Prof. Rafał Gierczyński z NIZP-PZH tłumaczył, że co prawda poziom wyszczepialności w Polsce jest nadal bardzo wysoki, rzędu 95 proc., jednak trend narastania odmów szczepień jest powodem do ogromnego niepokoju. Zwłaszcza tempo, w jakim przyrasta liczba rodziców, którzy od słów przechodzą do decyzji, nie zatrzymując się na wyrażaniu poglądów antyszczepionkowych, ale decydując się na nieszczepienie dziecka, nawet jeśli taki krok obarczony jest sankcjami. Ekspert przywołał badania, jakie Instytut w tym roku przeprowadził wśród lekarzy kwalifikujących dzieci do szczepień. Zwrócił uwagę, że przytłaczająca większość lekarzy to zdecydowani zwolennicy szczepień. Ale ciekawym tropem, który może przynajmniej częściowo tłumaczyć fenomen szybko rosnących odmów szczepień przez – najczęściej – młodych rodziców to rozdźwięk kanałów zdobywania informacji na temat szczepień. Lekarze (wysoka średnia wieku wśród pediatrów!) czerpią ją przede wszystkim z książek i kursów specjalistycznych. Młodzi rodzice to pokolenie Internetu. Być może dochodzi więc do sytuacji, w której obie strony mówią o tym samym, ale zupełnie innymi językami – bez szans na porozumienie. – Lekarze często twierdzą, że rodzice są negatywnie nastawieni do szczepień i to powoduje problemy z zaszczepieniem dziecka. Być może prawdziwym problemem jest właśnie niekompatybilność przekazu – zastanawiał się prof. Gierczyński.
– 26 tysięcy odmów szczepień, wobec setek tysięcy, miliona pacjentów, których co roku szczepimy, nie zagraża bezpieczeństwu zdrowotnemu społeczeństwa.

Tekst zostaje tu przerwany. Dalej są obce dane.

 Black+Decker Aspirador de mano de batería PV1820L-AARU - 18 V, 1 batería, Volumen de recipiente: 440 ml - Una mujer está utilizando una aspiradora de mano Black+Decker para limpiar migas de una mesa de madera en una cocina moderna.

Co więcej, ci nieszczepieni też są w tej chwili bezpieczni. Prawdopodobieństwo, że jeśli pojawi się choroba zakaźna, trafi akurat na nich, jest niewielkie. Dlaczego? Bo są geograficznie rozproszeni – mówił dr Marek Posobkiewicz, Główny Inspektor Sanitarny. – Jednak gdyby zostali zgromadzeni w jednym miejscu, gdyby zamieszkali blisko siebie, pojawienie się w pobliżu ogniska choroby zakaźnej oznaczałoby potężne niebezpieczeństwo. Część z nich prawdopodobnie by nie przeżyła choroby – przypomniał dodając, że w tej chwili osoby niezaszczepione (decyzją rodziców) korzystają z dobrodziejstwa szczepień, bo działa odporność populacyjna. – Jeśli trend przyrostu odmów się utrzyma, za kilka lat ta odporność zbiorowa już nie będzie działać. Przypomnijmy sobie, że jeszcze kilkadziesiąt lat temu na odrę chorowało co roku kilkadziesiąt tysięcy osób, było wiele ciężkich powikłań, niemało zgonów – wyliczał Posobkiewicz, znany z niekonwencjonalnych metod przekonywania do szczepień (ostatnie wcielenie to Don Gisu, na wzór „Ojca Chrzestnego” nakazujący: – Vaccinare!).
Czy istnieje szansa na wypracowanie złotej metody zjednywania rodziców dla idei szczepień? – Wszystkich nie przekonamy. Z jednej strony musimy ze spokojem tłumaczyć rodzicom argumenty za szczepieniami. Z drugiej, jeśli ktoś jawnie kłamie lub po prostu opowiada głupoty na temat szczepień, musimy to nazywać po imieniu – ocenił Marek Posobkiewicz.